Review of Blood Sucking Freaks (1976) by Al M — 10 Aug 2010
Blood Sucking Freaks is a difficult film to rate because it is a rather repulsive piece of B-movie exploitation that uses sex and torture for no reason other than titillation. Essentially, the film is ripoff/remake of Herschell Gordon Lewis's splatter-classic The Wiard of Gore, which is a film that is as profoundly terribly as it is groundbreakingly enjoyable.
Reed's film takes the basic premise of the film and opens with it and then turns his story into a Sadean tale of white slavery, sado-masochism, and mutilation. Except, unlike de Sade, Reed's film has no point--it is a purely exploitational piece of cinema that parades a stream of naked, young women before the camera who are subsequently abused, degraded, tortured, and killed.

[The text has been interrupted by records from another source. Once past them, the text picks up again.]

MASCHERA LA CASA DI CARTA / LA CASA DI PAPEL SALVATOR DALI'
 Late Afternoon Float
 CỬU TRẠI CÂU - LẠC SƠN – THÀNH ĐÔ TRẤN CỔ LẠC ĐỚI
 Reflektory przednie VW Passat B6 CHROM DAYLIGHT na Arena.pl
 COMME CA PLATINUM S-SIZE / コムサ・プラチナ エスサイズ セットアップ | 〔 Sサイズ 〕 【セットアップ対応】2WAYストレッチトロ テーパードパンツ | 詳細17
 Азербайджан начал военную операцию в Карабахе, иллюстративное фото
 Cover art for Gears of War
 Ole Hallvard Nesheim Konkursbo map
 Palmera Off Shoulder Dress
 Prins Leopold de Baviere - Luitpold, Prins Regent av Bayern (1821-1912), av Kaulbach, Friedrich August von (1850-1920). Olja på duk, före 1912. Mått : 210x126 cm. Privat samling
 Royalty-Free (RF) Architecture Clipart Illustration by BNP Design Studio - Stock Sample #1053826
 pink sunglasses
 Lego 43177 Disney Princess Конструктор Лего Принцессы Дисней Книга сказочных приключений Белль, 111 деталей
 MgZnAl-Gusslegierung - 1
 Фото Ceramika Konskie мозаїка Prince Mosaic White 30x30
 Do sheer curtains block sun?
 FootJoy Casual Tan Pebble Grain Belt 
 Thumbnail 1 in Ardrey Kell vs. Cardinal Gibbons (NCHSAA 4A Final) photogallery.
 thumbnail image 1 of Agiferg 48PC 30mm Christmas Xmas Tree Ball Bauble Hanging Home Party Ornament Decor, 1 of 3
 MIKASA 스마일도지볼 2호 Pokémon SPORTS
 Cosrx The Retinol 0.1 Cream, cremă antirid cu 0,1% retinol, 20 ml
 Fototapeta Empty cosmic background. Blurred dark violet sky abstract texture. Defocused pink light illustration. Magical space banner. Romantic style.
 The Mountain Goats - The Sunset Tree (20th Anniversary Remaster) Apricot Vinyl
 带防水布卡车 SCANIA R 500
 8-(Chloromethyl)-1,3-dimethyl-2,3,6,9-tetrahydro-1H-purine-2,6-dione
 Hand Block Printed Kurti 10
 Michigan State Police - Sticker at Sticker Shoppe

Like H.G. Lewis's work, it is film that is meant to be enjoyed on purely sensual and silly level without any underlying themes. And taken in such a context it succeeds, but Reed's film for some reason left me feeling dirtier than Lewis's original, probably because it features such a constant stream of nudity and degradation.
In summation, Blood Sucking Freaks is a film that will most likely only be enjoyed by fans of gore and exploitation cinema.
This review of Blood Sucking Freaks (1976) was written by Al M on 10 Aug 2010.
Blood Sucking Freaks has generally received mixed reviews.